• **What is being asked**: For the listing below, return the line containing "PREKIDAČ ZA SVETLO", the line containing "Doudou Mouchoir Lapin Rose - Rose et Lili", and all lines in between, exactly as written and nothing else.

• **Records provided**:

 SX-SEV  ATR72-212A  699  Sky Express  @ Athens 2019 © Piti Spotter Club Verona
---
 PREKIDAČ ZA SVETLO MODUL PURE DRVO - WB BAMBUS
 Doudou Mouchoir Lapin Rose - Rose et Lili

• **Exercise output**:
 PREKIDAČ ZA SVETLO MODUL PURE DRVO - WB BAMBUS
 Doudou Mouchoir Lapin Rose - Rose et Lili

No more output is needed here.